Payments to stockholders are called dividends.
Investing Activities
Purchase of resources a company needs to operate.
Resources owned by a business are called assets.
Examples:
Acquisition or disposition of land, buildings, and equipment (long-term resources/assets).
Investments in another company.
Assets must have future value.
Operating Activities
Involve day-to-day actions to produce and sell a product, or provide a service.
Occur after a business obtains financing and invests in assets required for operation.
Result in:
Revenue: Amounts generated from the sale of goods or performance of services.
Expenses: Costs consumed or services used in the process of generating revenue.
Revenues are generated.
Amounts earned from the sale of products or providing services and other sources.
Sales revenue, service revenue, interest revenue
We recognize revenue when we deliver products or provide service, not when we receive cash!
Revenue ≠ Cash Received!
Assets that commonly increase from operations
Supplies are assets used in day-to-day operations.
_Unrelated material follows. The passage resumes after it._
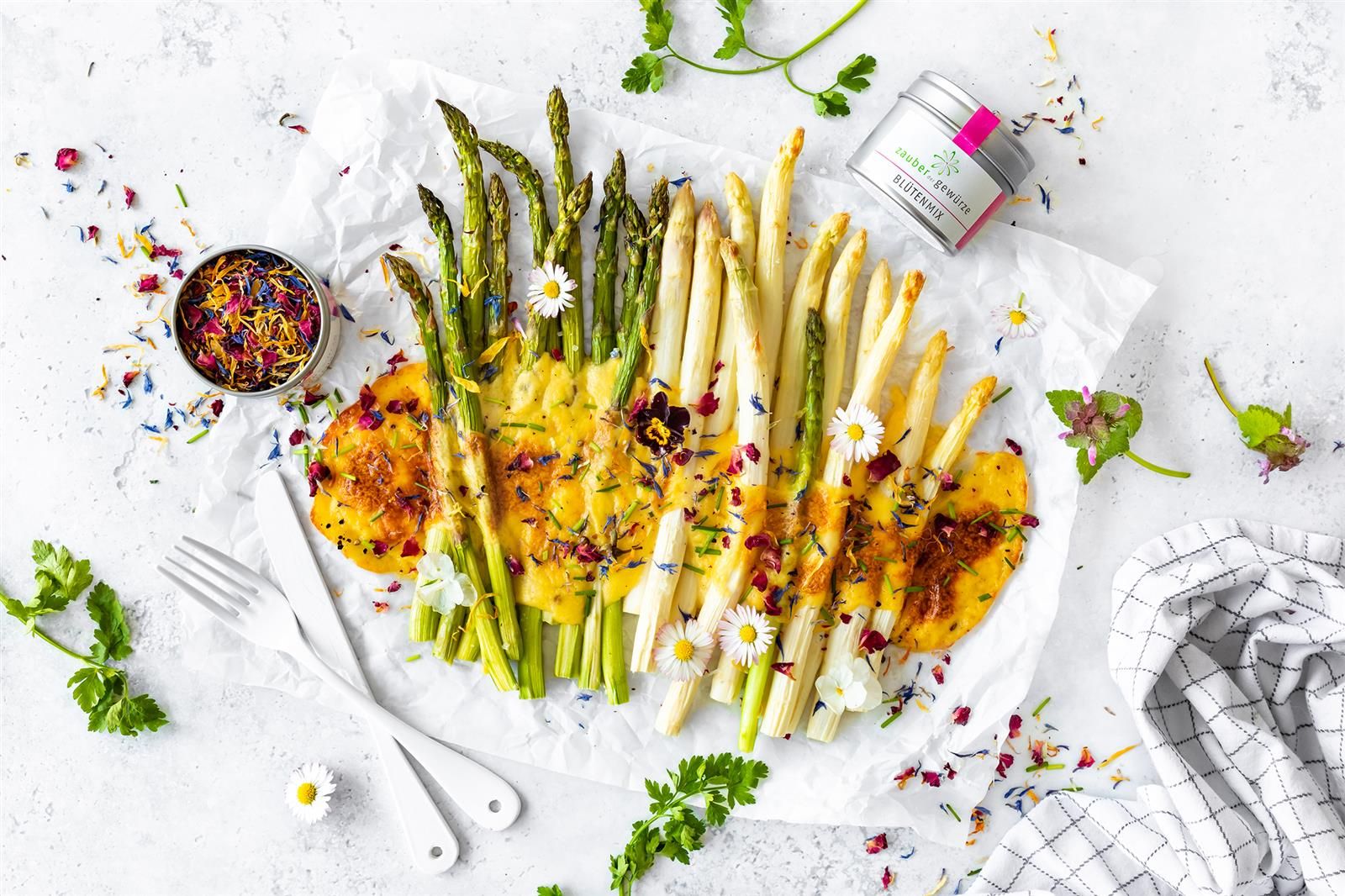 Spargelgericht mit Blüten und Kräutern. Dose Spargel Gewürz daneben. Auf Papier angerichtet.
Inventory is an asset that consists of goods available for sale to customers.
Accounts receivable are the right to receive money from a customer as the result of a sale (because when sale is made, cash is not paid right away)
Four Financial Statements
Income Statement.
Retained Earnings Statement.
Balance Sheet.
Statement of Cash Flows.
Income Statement
Reports revenues and expenses for a specific period of time.
Net income – revenues exceed expenses.
Net loss – expenses exceed revenues.
Past net income provides information for predicting future net income.
Income statement measures operating success or failure OVER TIME
Retained Earnings Statement
Statement shows amounts and causes of changes (current period net income and dividends paid out) in retained earnings during the period.
Time period is the same as that covered by the income statement.
Users can evaluate dividend payment practices.
Dividend is not an expense (NOT used in daily operations).
Dividends are payments to stockholders IF there is enough cash to cover what’s owned to creditors
Balance Sheet
Reports assets and claims to assets (liabilities and stockholders’ equity) at a specific point in time.
Assets = Liabilities + Stockholders’ Equity.
Lists assets first, followed by liabilities and stockholders’ equity.
Statement of Cash Flows
Provides answers to:
Where did cash come from during the period?
How was cash used during the period?
What was the change in the cash balance during the period?
A company cannot survive without cash!!!
U.S. companies that are publicly traded must provide shareholders with an annual report. The annual report always includes:
Financial statements.
Management discussion and analysis.
Notes to the financial statements.
Auditor's report.
Management Discussion and Analysis (MD&A)
Presents management’s view on the company’s ability to (1) pay near-term obligations, (2) its ability to fund operations and expansion, and (3) its results of operations.
Management must highlight (1) favorable or unfavorable trends, and (2) identify significant events and uncertainties that affect these three factors
Notes to the Financial Statements
More detail to clarify the financial statements
Provide additional details about accounting policies
assumptions, estimates, measurement procedures, and details behind the summary numbers
Companies have choices!!!
Notes are essential to understanding a company’s operating performance and financial position
Uncertainties and contingencies
Auditor’s Report
Only certified public accountants (CPA) may sign off on audits.
CPA conduct independent examination of financial reports
Auditor’s opinion as to the fairness of the presentation of the financial position and results of operations and their conformance with GAAP or IFRS.
International standards are referred to as International Financial Reporting Standards (IFRS)
IFRS tends to be simpler in its accounting and disclosure requirements; some people say it is more “principles-based.”
Accounting standards in the United States are referred to as generally accepted accounting principles (GAAP)
GAAP is more detailed; some people say it is more “rules-based.”
The internal control standards applicable to Sarbanes-Oxley (SOX) apply only to large public companies listed on U.S. exchanges.